Palestinian leader Yasser Arafat has embarked on a campaign through the media to call for a new truce between Israel and the Palestinians.
Arafat's party will have a big say in the new Palestinian cabinet
In interviews with Israeli newspapers and television channels, Mr Arafat indicated he would have the backing of militant groups - but called on Israel to end its targeted killings of militant group members.
"I tell the Israelis: Enough blood, enough of the destruction and of the daily suffering. Our position has always been against killing Palestinians or Israelis," he told the Yediot Aharonot daily newspaper.
Mr Arafat spoke of resuming peace talks but did not give any concrete details.
The Israelis have dismissed the proposals as a ruse and insist the Palestinians must dismantle the militant groups before any progress can be made.
The Israeli Government has said it wants Mr Arafat "removed" - inviting widespread condemnation.
On Tuesday, the United States vetoed a United Nations Security Council resolution calling on Israel to lift the threat - which might include eliminating the Palestinian leader.
And President George W Bush kept up the pressure on Thursday describing Mr Arafat as "a failed leader".
"Hopefully, at some point in time... a Palestinian leadership will emerge which will then commit itself 100% to fighting off terror," Mr Bush said ahead of talks on the Middle East with Jordan's King Abdullah.
The Arab League is persisting with efforts to have the UN condemn Israel. It is asking the UN General Assembly to consider a similar resolution, even though its decisions are not binding.
Earlier on Thursday, Israeli troops killed another member of the military wing of Hamas amid heavy fighting after a raid into a refugee camp in Gaza.
Israeli Defence Minister Shaul Mofaz gave Mr Arafat's comments similarly short shrift.

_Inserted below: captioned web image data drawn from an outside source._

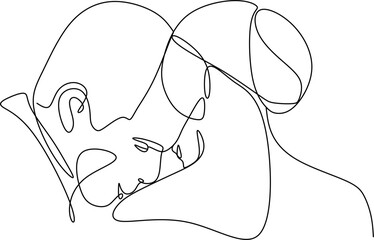 Abstract line drawing of a man and a woman in love
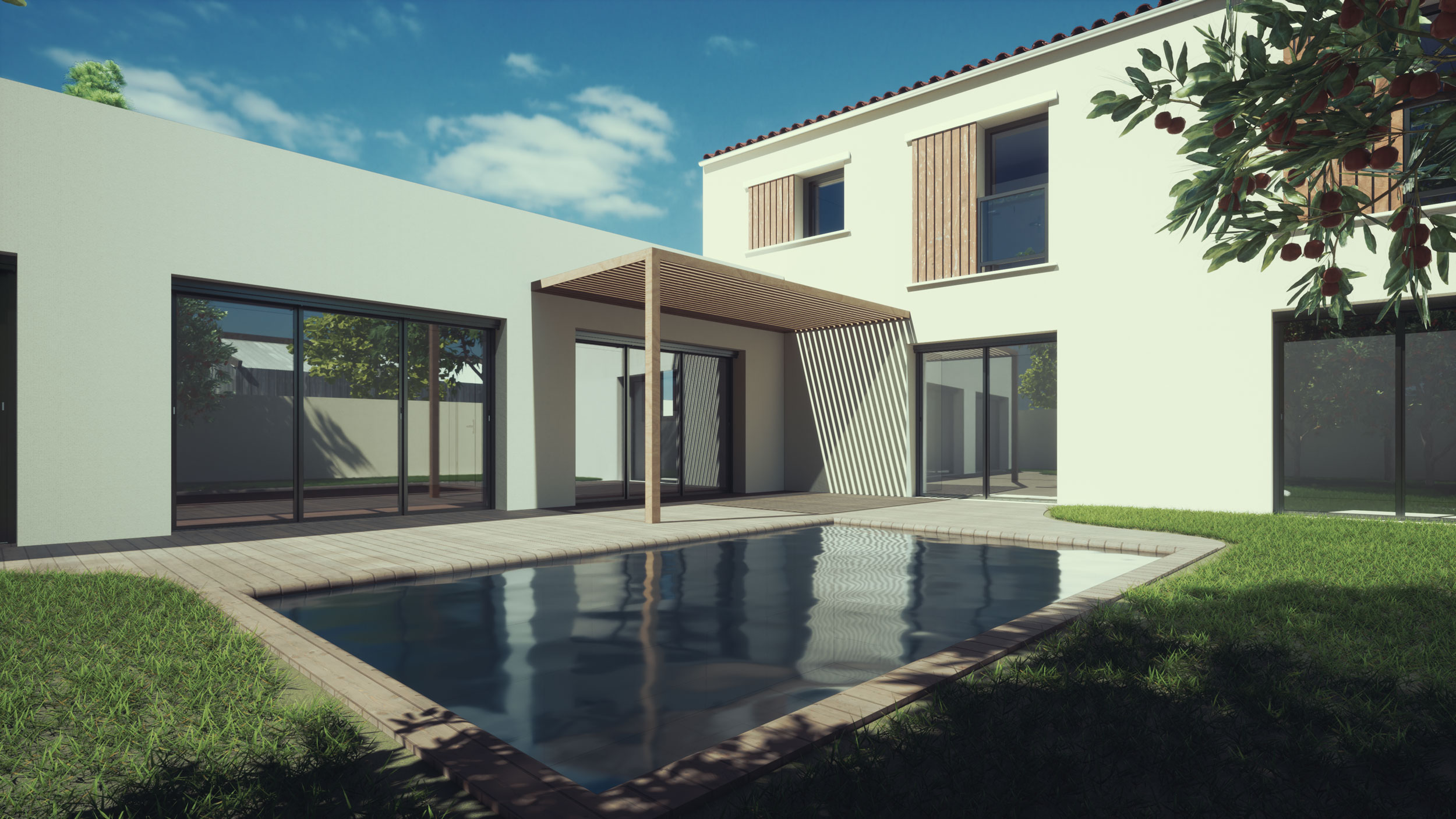 Construction d'une maison d'architecte à La Rochelle en Charente Maritime avec une piscine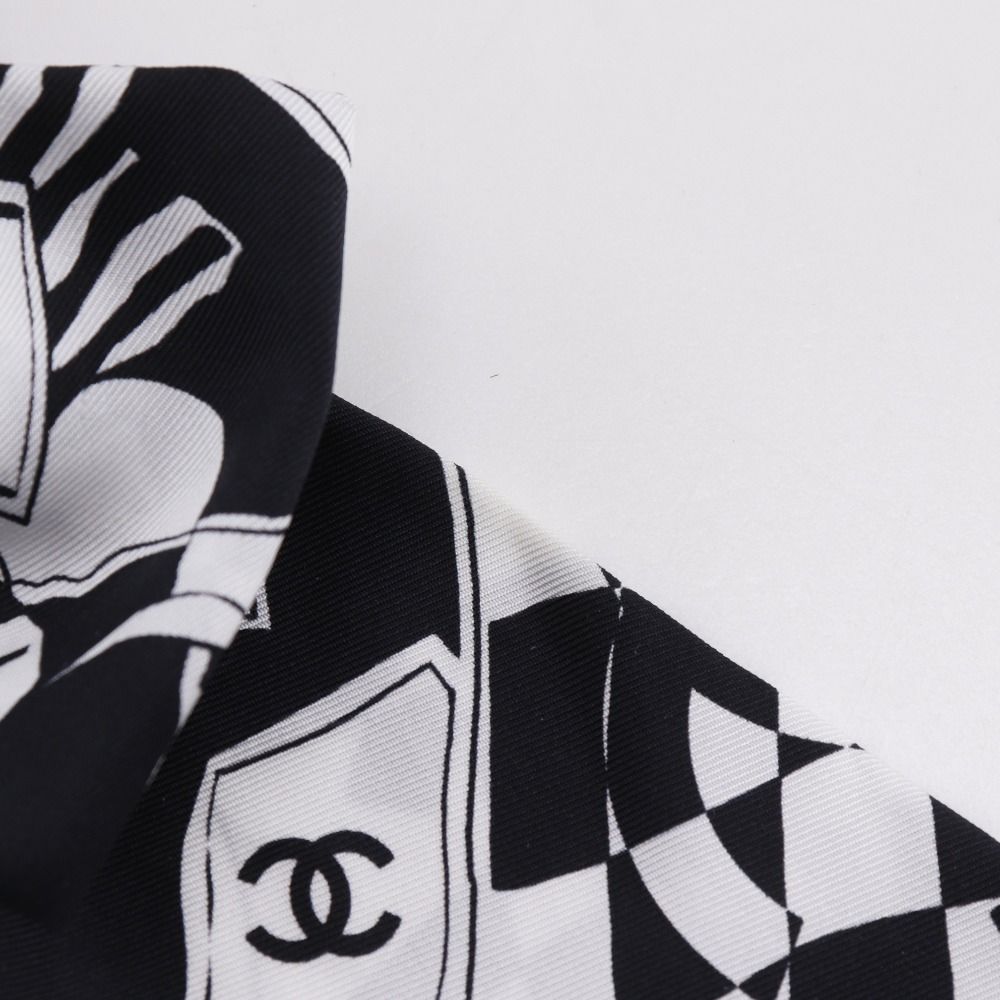 CHANEL】シャネル リボンシュシュ ココマーク シルク 黒/白 レディース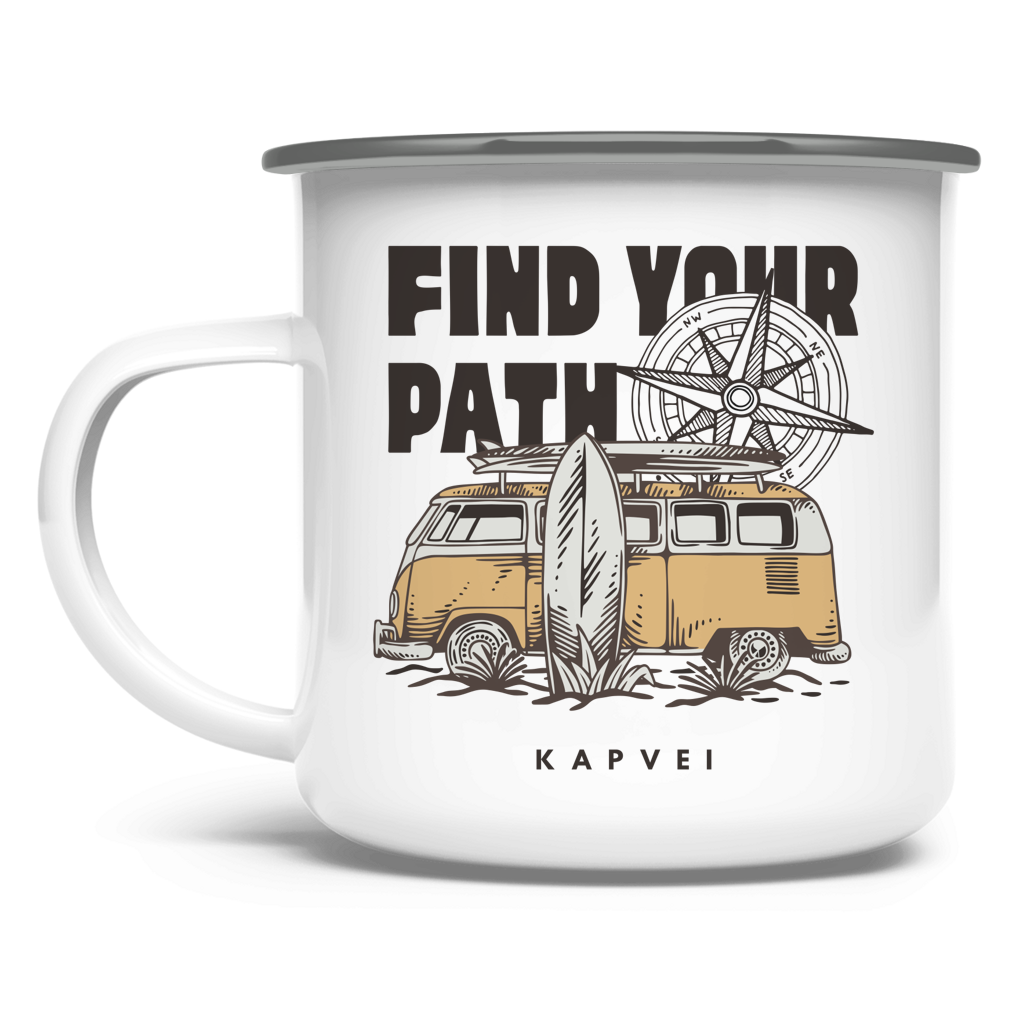 Emaille Tasse - Find your Path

"Israel will not make any concessions until the Palestinian government proves its real intentions to seriously tackle the terrorist organisations," he told military radio.
However, Infrastructure Minister Yosef Paritzsky, a member of the centrist Shinui party in the coalition government, was more conciliatory.
"We should examine [the proposition] in detail as it's in our interest," he told Israeli radio. "If not, we will be seen abroad as the ones who do not want to hear anything."
The BBC's Richard Miron says few expect the two sides to reach an agreement - and both seem to be concentrating their efforts on winning over local and international public opinion.
Early this week, Mr Arafat's security aide, Jibril Rajoub, made a similar proposal - dismissed as a "honey trap" by
Israeli Prime Minister Ariel Sharon.
Meanwhile, the incoming Palestinian Prime Minister, Ahmed Qurei, has conceded that Mr Arafat's ruling Fatah party will have a considerable say in the make-up of the new cabinet.
This will add to Israeli suspicions that the new government will allow the Palestinian leader to command from behind the scenes, says our correspondent.